I am building a classification model using the following data frame of 120,000 records (sample of 5 records shown):
Using this data, I have built the following model:
from sklearn.model_selection import train_test_split
from sklearn.feature_extraction.text import CountVectorizer
from sklearn.feature_extraction.text import TfidfTransformer
from sklearn.feature_extraction.text import TfidfVectorizer
from sklearn.naive_bayes import MultinomialNB
from sklearn.feature_selection import VarianceThreshold
model = MultinomialNB()
X_train, X_test, y_train, y_test = train_test_split(df2['descrp_clean'], df2['group_names'], random_state = 0, test_size=0.25, stratify=df2['group_names'])
# For each record, calculate tf-idf
######################################################################################################################################################
tfidf = TfidfVectorizer(min_df=3,ngram_range=(1,3))
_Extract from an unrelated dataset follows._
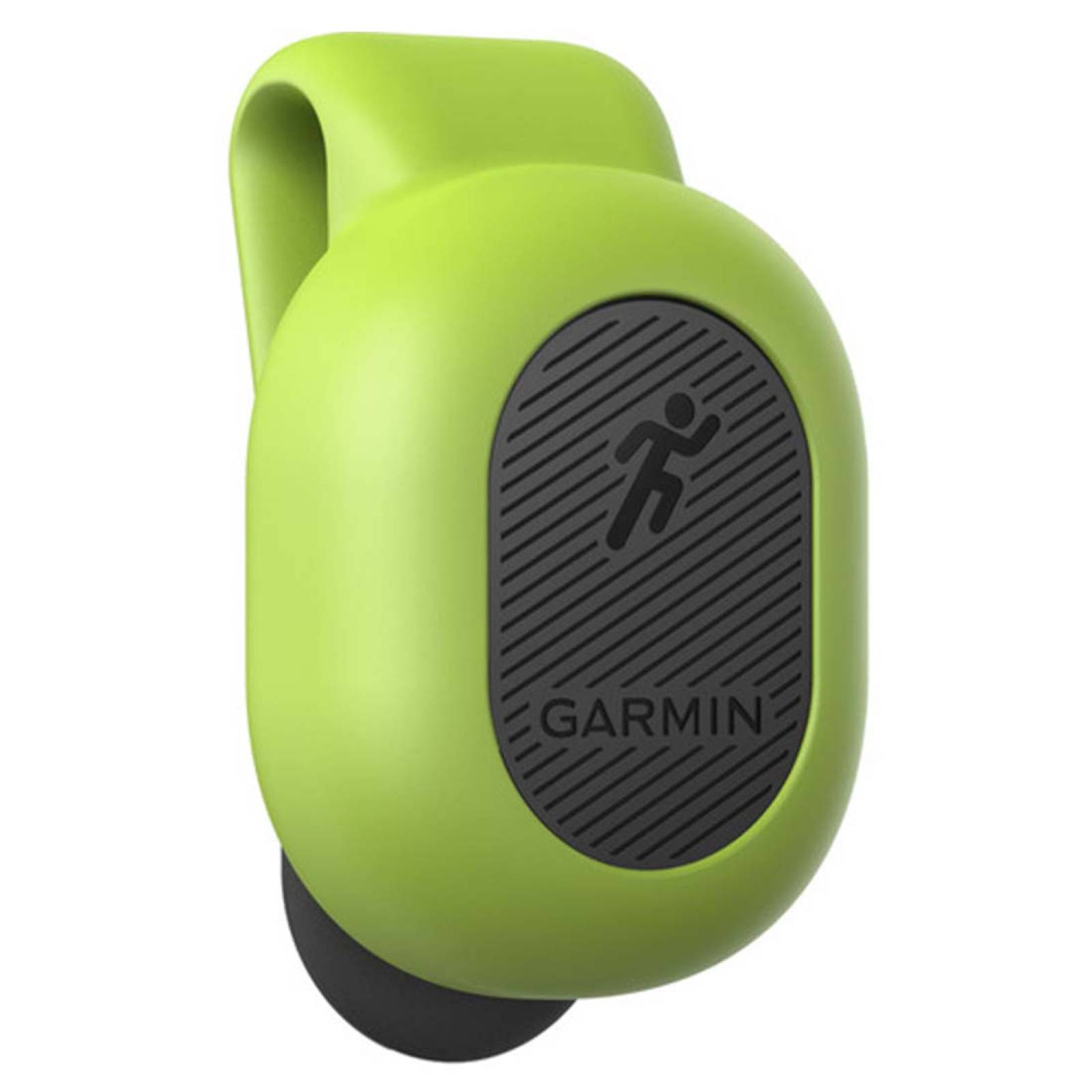 Pod Garmin Running Dynamics Accesorio Relojes Fitness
# X_Train: Get (1) tfidf and (2) reduce dimentionality
#######################################################
x_train_tfidf = tfidf.fit_transform(X_train)
VT_reduce=VarianceThreshold(threshold=0.000005)
x_train_tfidf_reduced=VT_reduce.fit_transform(x_train_tfidf)
# Estimate Naive Bayes model
#######################################################
clf = model.fit(x_train_tfidf_reduced, y_train)
# X_test: Apply Variance Threshold
#######################################################
x_test_tfidf=tfidf.transform(X_test)
x_test_tfidf_reduced= VT_reduce.transform(x_test_tfidf)
# Predict using model
######################################################
y_pred = model.predict(x_test_tfidf_reduced)
# Compare actual to predicted results
######################################################
model.score(x_test_tfidf_reduced,y_test)*100
I can create a dataframe showing word tokens before applying variance threshold:
X_train_tokens=tfidf.get_feature_names()
x_train_df=pd.DataFrame(X_train_tokens)
x_train_df.tail(5)
After variance reduction features are reduced to 21,758:
Question: How do I create a dataframe like x_train_df of my features after applying variance reduction that will show my 21,758 features?